# ![](https://ga-dash.s3.amazonaws.com/production/assets/logo-9f88ae6c9c3871690e33280fcf557f33.png) Project 4: Web Scraping Job Postings

## Business Case Overview

You're working as a data scientist for a contracting firm that's rapidly expanding. Now that they have their most valuable employee (you!), they need to leverage data to win more contracts. Your firm offers technology and scientific solutions and wants to be competitive in the hiring market. Your principal has two main objectives:

   1. Determine the industry factors that are most important in predicting the salary amounts for these data.
   2. Determine the factors that distinguish job categories and titles from each other. For example, can required skills accurately predict job title?

To limit the scope, your principal has suggested that you *focus on data-related job postings*, e.g. data scientist, data analyst, research scientist, business intelligence, and any others you might think of. You may also want to decrease the scope by *limiting your search to a single region.*

Hint: Aggregators like [Seek.com](https://www.seek.com) regularly pool job postings from a variety of markets and industries. 

**Goal:** Scrape your own data from a job aggregation tool like seek.com in order to collect the data to best answer these two questions.

---

## Directions

In this project you will be leveraging a variety of skills. The first will be to use the web-scraping and/or API techniques you've learned to collect data on data jobs from Indeed.com or another aggregator. Once you have collected and cleaned the data, you will use it to answer the two questions described above.

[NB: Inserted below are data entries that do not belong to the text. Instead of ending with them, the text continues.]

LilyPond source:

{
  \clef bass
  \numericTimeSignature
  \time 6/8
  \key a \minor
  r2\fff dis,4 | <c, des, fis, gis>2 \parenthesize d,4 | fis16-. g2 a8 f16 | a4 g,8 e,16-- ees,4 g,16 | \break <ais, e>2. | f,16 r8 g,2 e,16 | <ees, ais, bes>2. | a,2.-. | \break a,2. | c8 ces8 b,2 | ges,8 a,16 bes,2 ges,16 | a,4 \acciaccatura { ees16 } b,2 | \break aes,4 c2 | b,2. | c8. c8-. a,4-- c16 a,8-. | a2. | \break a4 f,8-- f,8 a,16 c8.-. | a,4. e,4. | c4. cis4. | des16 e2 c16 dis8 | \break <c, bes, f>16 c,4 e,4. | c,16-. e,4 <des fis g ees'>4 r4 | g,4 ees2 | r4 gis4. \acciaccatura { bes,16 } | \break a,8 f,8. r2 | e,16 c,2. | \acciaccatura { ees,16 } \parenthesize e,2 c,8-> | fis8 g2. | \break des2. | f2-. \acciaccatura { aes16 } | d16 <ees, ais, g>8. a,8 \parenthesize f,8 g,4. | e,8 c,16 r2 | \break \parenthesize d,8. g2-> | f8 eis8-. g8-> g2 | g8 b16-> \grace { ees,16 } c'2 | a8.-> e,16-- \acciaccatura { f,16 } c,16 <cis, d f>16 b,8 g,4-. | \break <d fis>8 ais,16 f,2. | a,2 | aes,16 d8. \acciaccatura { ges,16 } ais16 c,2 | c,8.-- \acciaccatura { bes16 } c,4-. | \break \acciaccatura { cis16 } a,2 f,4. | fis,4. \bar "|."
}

### QUESTION 1: Factors that impact salary

To predict salary you will be building either a classification or regression model, using features like the location, title, and summary of the job. If framing this as a regression problem, you will be estimating the listed salary amounts. You may instead choose to frame this as a classification problem, in which case you will create labels from these salaries (high vs. low salary, for example) according to thresholds (such as median salary).

You have learned a variety of new skills and models that may be useful for this problem:
- NLP
- Unsupervised learning and dimensionality reduction techniques (PCA, clustering)
- Ensemble methods and decision tree models
- SVM models

Whatever you decide to use, the most important thing is to justify your choices and interpret your results. *Communication of your process is key.* Note that most listings **DO NOT** come with salary information. You'll need to able to extrapolate or predict the expected salaries for these listings.

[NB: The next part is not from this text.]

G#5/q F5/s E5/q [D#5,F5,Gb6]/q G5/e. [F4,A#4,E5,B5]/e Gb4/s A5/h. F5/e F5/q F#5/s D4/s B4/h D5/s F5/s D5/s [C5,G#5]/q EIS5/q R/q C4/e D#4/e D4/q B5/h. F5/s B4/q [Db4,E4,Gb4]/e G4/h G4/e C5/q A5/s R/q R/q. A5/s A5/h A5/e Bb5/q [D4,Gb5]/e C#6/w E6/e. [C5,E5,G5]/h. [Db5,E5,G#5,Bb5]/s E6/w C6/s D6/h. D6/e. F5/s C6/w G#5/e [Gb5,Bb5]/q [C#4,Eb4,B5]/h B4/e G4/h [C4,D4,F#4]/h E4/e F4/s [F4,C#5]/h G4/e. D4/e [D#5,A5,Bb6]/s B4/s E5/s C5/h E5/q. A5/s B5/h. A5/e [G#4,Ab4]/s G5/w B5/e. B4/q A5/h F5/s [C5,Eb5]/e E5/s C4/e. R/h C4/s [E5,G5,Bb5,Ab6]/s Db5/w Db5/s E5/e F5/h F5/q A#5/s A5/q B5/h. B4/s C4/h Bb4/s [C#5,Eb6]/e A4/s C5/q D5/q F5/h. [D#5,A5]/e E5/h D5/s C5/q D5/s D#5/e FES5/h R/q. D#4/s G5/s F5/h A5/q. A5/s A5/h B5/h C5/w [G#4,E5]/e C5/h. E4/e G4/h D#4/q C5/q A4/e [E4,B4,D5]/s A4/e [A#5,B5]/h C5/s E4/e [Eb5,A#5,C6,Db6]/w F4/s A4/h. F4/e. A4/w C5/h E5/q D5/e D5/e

### QUESTION 2: Factors that distinguish job category

Using the job postings you scraped for part 1 (or potentially new job postings from a second round of scraping), identify features in the data related to job postings that can distinguish job titles from each other. There are a variety of interesting ways you can frame the target variable, for example:
- What components of a job posting distinguish data scientists from other data jobs?
- What features are important for distinguishing junior vs. senior positions?
- Do the requirements for titles vary significantly with industry (e.g. healthcare vs. government)?

You may end up making multiple classification models to tackle different questions. Be sure to clearly explain your hypotheses and framing, any feature engineering, and what your target variables are. The type of classification model you choose is up to you. Be sure to interpret your results and evaluate your models' performance.
 
## Requirements

1. Scrape and prepare your own data.

2. **Create and compare at least two models for each section**. One of the two models should be a decision tree or ensemble model. The other can be a classifier or regression of your choosing (e.g. Ridge, logistic regression, KNN, SVM, etc).
   - Section 1: Job Salary Trends
   - Section 2: Job Category Factors

3. Prepare a polished Jupyter Notebook with your analysis for a peer audience of data scientists. 
   - Make sure to clearly describe and label each section.
   - Comment on your code so that others could, in theory, replicate your work.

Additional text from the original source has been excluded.